Filiz Eczacıbaşı Sarper'in önderliğindeki İzmir Kültür Sanat ve Eğitim Vakfı'nın, Büyükşehir Belediyesi'nin de katkılarıyla düzenlediği '17. Avrupa Caz Festivali', Jazzing Flamenco grubunun nefes kesen gösterileriyle perdelerini açtı.
Zaten Filiz Hanım'ı tanıyanlar, onun sanata bakışındaki 'farklılık yaratma' duygusunu bilirler ve her festivalde değişik sürprizlerle ağırlanmanın zevkini yaşarlar.

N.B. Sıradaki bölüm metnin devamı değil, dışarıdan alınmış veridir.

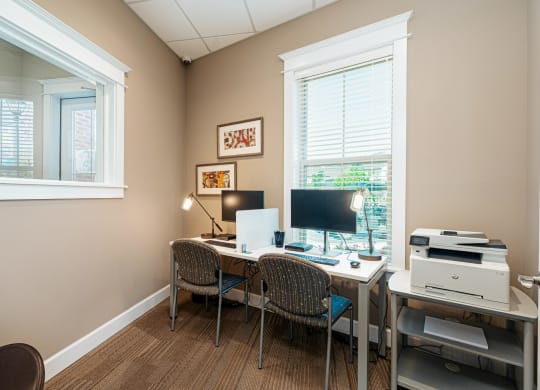 a home office with a desk and a computer
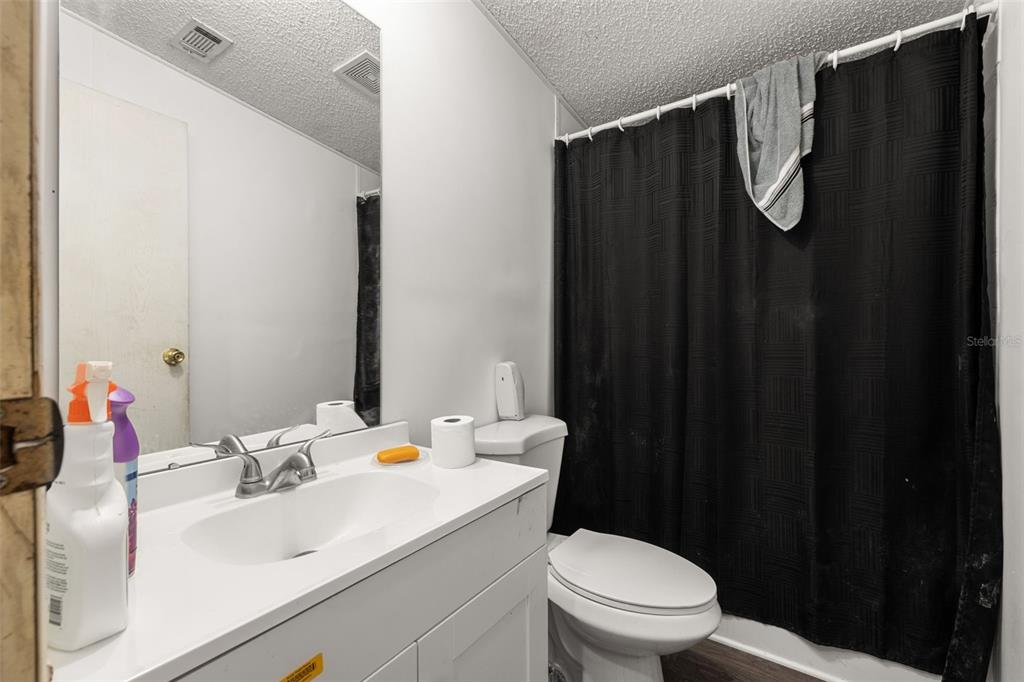 7308 Boyette Road Wesley Chapel, FL 33545 - Photo 32 of 36 a bathroom with a sink vanity mirror and toilet
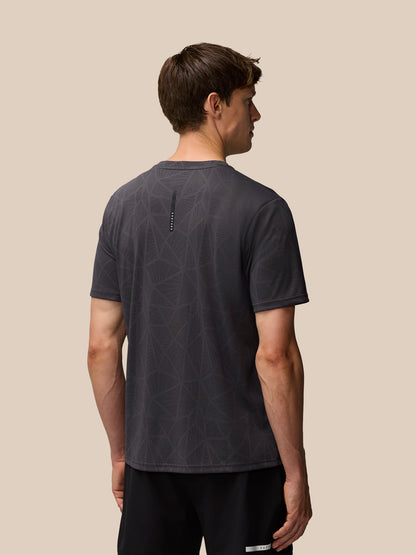 Back view of a man wearing Flow Training Engineered Knit T-Shirt in dark gray with branded back neck tape and geometric print
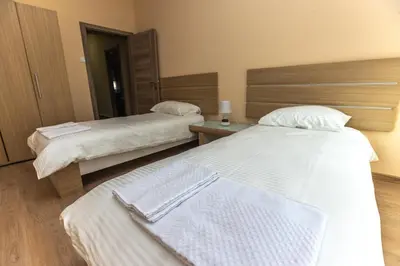a hotel room with two beds and a mirror at Apartmani Bulevar in Cetinje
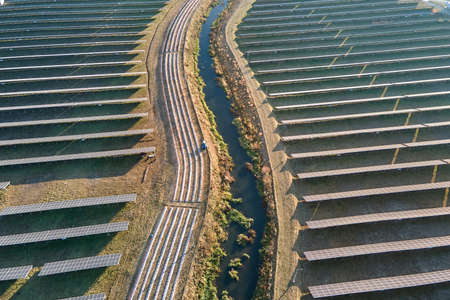 Aerial view of large sustainable electrical power plant with rows of solar photovoltaic panels for producing clean ecological electric energy. Renewable electricity with zero emission conceptの写真素材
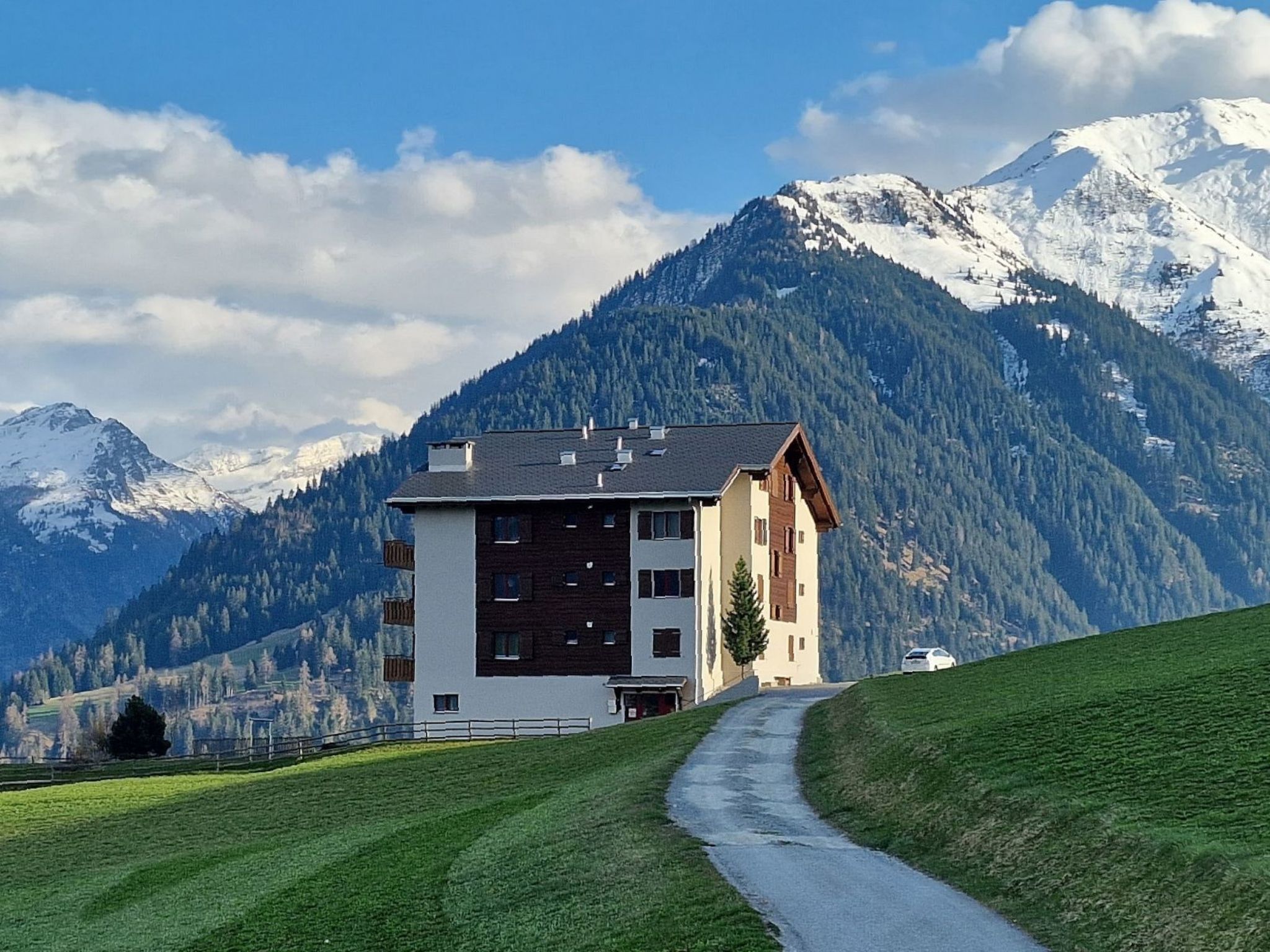 A two-story building with a sloped roof, a pathway leading to it, and snow-capped mountains in the background.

İKSEV'in iki büyük organizasyonla yıllardır sürdürdüğü bu keyif dolu anların birikimi, kültür sanat alanında İzmir'e dünya çapında bir etiket kazandırmanın potansiyelini de yavaş yavaş oluşturmaya başladı. Bu etkinliklerden biri Uluslararası İzmir Festivali, diğeri de Avrupa Caz Festivali...
***
Önceki gece Adnan Saygun Kültür Sanat Merkezi'ndeki açılış buluşmasında, 8'inci Caz Afişi Yarışması kapsamında sergilenen eserleri incelemenin ve ödül töreninin ardından büyük salondaki yerimizi aldık.
İzmirlileri ilklerle tanıştırmayı seven Filiz Hanım'ın program tercihi, yine tadı damağımızda kalan soluksuz bir gösteriye imza attı.

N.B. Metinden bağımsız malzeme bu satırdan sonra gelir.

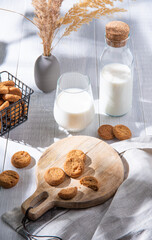 fresh homemade oatmeal cookies on wood cutting board with a glass of  milk on a white wooden table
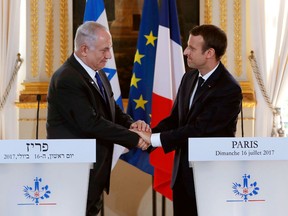 French President Emmanuel Macron (R) and Israeli Prime Minister Benjamin Netanyahu (L) shake hands at the end of a joint press conference at the Elysee Palace in Paris, on July 16, 2017.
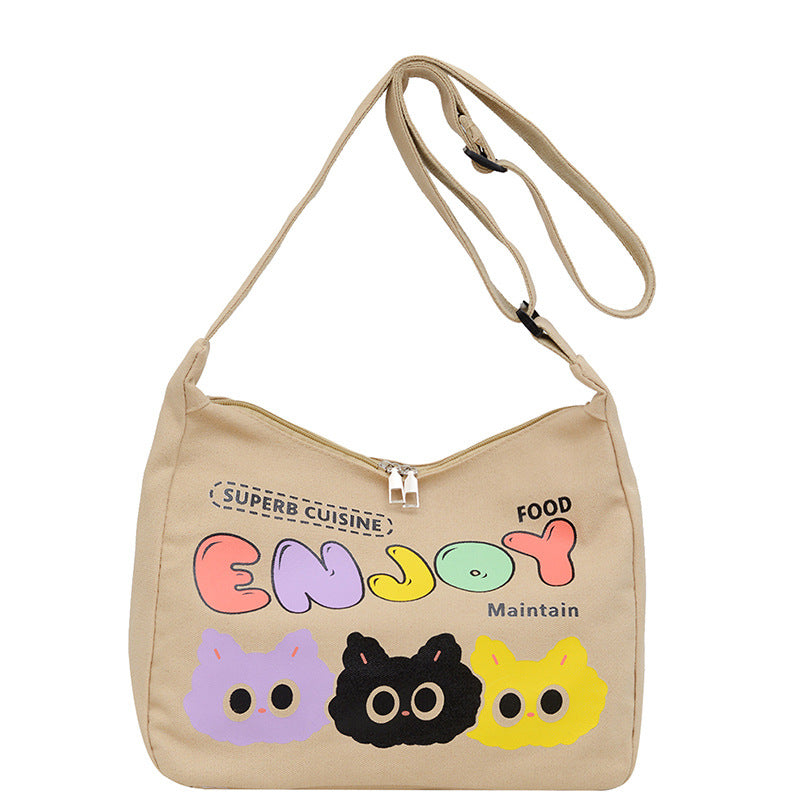 Cute Cartoon Cat Print Canvas Tote Bag with Colorful 'ENJOY' Lettering and Zipper Closure for Daily Use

Avrupa cazının en mükemmel eserlerini seslendiren orkestrayla birlikte; Flamenco, klasik İspanyol ve Arjantin tangosundan bölümlerin sunulduğu dans şovlarını izlerken, kent yaşamının 'ayrıcalıklı' bir kültür kimliği kazandığına da gözlerimizle tanıklık ettik. Çünkü ünlü dansçı Antonio Najarro ve ekibi, 12 yeni koreografisiyle ilk sınavını vermek için İzmir seyircisini seçmişti. Bundan daha büyük bir onur yaşatılabilir miydi bizlere. Bu fırsatın mimarı Filiz Eczacıbaşı Sarper'e ne kadar teşekkür etsek azdır.
***
Azdır ama kent halkı olarak böyle mi teşekkür edeceğiz Filiz Hanım'a... Her seferinde dünyanın farklı kültür esintilerini ayağımıza getiren birbirinden saygın konserlerde hala boş koltuklar bırakarak mı..?

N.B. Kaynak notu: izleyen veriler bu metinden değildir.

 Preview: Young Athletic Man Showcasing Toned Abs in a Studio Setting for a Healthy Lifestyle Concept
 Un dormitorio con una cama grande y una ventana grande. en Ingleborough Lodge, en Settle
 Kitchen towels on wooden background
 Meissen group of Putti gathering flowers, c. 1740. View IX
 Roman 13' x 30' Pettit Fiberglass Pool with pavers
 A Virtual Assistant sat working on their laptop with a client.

Önceki gece müthiş heyecanlı bir izleyici kitlesi vardı Adnan Saygun Salonu'nda... Kabul ediyorum. Ama kentimize bir ilki yaşatan böylesi coşkulu ve kaliteli bir program izdihama yol açması gerekirken, salonun tıklım tıklım dolmadığını görmek üzüntü verici değil mi?
Türkiye'nin kapısını Batı'ya açtığını söylediğimiz bir şehirde yaşıyoruz. 6 üniversitemiz ve 4 milyona yaklaşan nüfusumuz var. Ama İzmir'i uluslararası alanda 'festival kenti' haline getirmeye aday bir organizasyonun açılışında salonu dolduramıyoruz.
***
Kimse bilet ücretlerini savunma aracı olarak araya sürmesin. Yeri geldiğinde kıytırık bir popçuya gösterilen alakayı da pek ala biliyoruz. Demek ki, kentin kültür yaşamında ulaşmasını istediğimiz bilinç düzeyinin epey gerisindeyiz.
Zaten Mavişehir gibi bir beton dünyasını kültür mabedine çevirecek opera binasına bile 'denizi görmemiz engellenecek' diye karşı çıkanlar, hödüklük seviyemizi kabak gibi ortaya çıkarıyorlar. Dahası var mı?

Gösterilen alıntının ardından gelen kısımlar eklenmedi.